Internacional da Amazônia - https://internacionaldaamazonia.com/
30 de Jun de 2022

A expansão do garimpo ilegal na Amazônia e a exploração sexual de mulheres e crianças

Data: 30 de junho de 2022

O garimpo ilegal na região amazônica é motivo de preocupação crescente nos últimos anos e para além das consequências prejudiciais ao meio ambiente, a invasão do garimpo na Amazônia traz consigo um estado de violência extrema. A expansão da atividade clandestina, segundo pesquisa da Hutukara Associação Yanomami e pela Associação Wanasseduume Ye'kwana, com assessoria do ISA (Instituto Socioambiental), foi de 46% na terra indígena, de 2020 para 2021 (WATANABE, 2022). O impacto da invasão à região amazônica pelo garimpo ilegal é sentido, principalmente, pelas mulheres indígenas, vítimas de abuso sexual, ameaças e reféns do terror constante causado pelos invasores.

Em primeira instância, o processo de colonização ocorrido na América Latina, no século XV, sucedeu a hierarquização dos fatores raça e gênero, no qual as mulheres indígenas passaram a se tornar os alvos principais de ações coordenadas que as objetificaram e as viam como corpos a serem explorados, no sentido laboral e sexual, constituindo uma subjetividade que as diferenciavam, por exemplo, das mulheres brancas (REGATEIRO, 2020). Desse modo, o contato entre os colonizadores europeus e os povos originários já sinalizava para situações de violência de mulheres indígenas, que mais tarde se estenderia às mulheres escravizadas, arrancadas de suas terras para serem exploradas. Na Amazônia, a partir de processos de mercantilização da região e da floresta, se reforçou uma cultura pautada na dominação e exploração, inclusive sexual, de mulheres e crianças que vivem ali.

Nesse seguimento, segundo dados realizados pelo MapBiomas (2021), a atividade garimpeira, feita de forma ilegal, triplicou sua área de atuação na Amazônia, no qual é possível perceber que seus grandes avanços se localizam em terras indígenas e em unidades de conservação. Mesmo o Estado tendo uma legislação ambiental sólida e órgãos competentes para tentar inibir tais práticas, como IBAMA - Instituto Brasileiro do Meio Ambiente e dos Recursos Naturais Renováveis e ICMBio - Instituto Chico Mendes de Conservação da Biodiversidade, além da Polícia Federal e Forças Armadas, ele não consegue deter o avanço de tantas práticas ilegais, especialmente na atual gestão brasileira, exercendo assim somente seu poder de polícia (SOARES, 2011) em algumas esporádicas operações que tenta realizar na área. Não consegue identificar os donos dos garimpos e muito menos puni-los, dando, assim, continuidade no processo exploratório na área.

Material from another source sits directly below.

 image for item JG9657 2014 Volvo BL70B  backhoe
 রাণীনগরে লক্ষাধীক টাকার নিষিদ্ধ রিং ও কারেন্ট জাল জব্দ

A temática do garimpo possui vários recortes importantes para poder se entender a dinâmica que a envolve. Primeiramente, nota-se que existe uma ligação com os fluxos migratórios na região (VALERIO, 2021). As mudanças políticas e econômicas dos países que fazem parte da Pan-Amazônia, especialmente Venezuela, Colômbia e Brasil, quando milhares migrantes atravessam fronteiras em busca de uma vida melhor, (re) fizeram a busca pelo ouro se tornar intensa na região, especialmente no rio Madeira, considerado por alguns estudiosos o mais rico dos afluentes do rio Amazonas.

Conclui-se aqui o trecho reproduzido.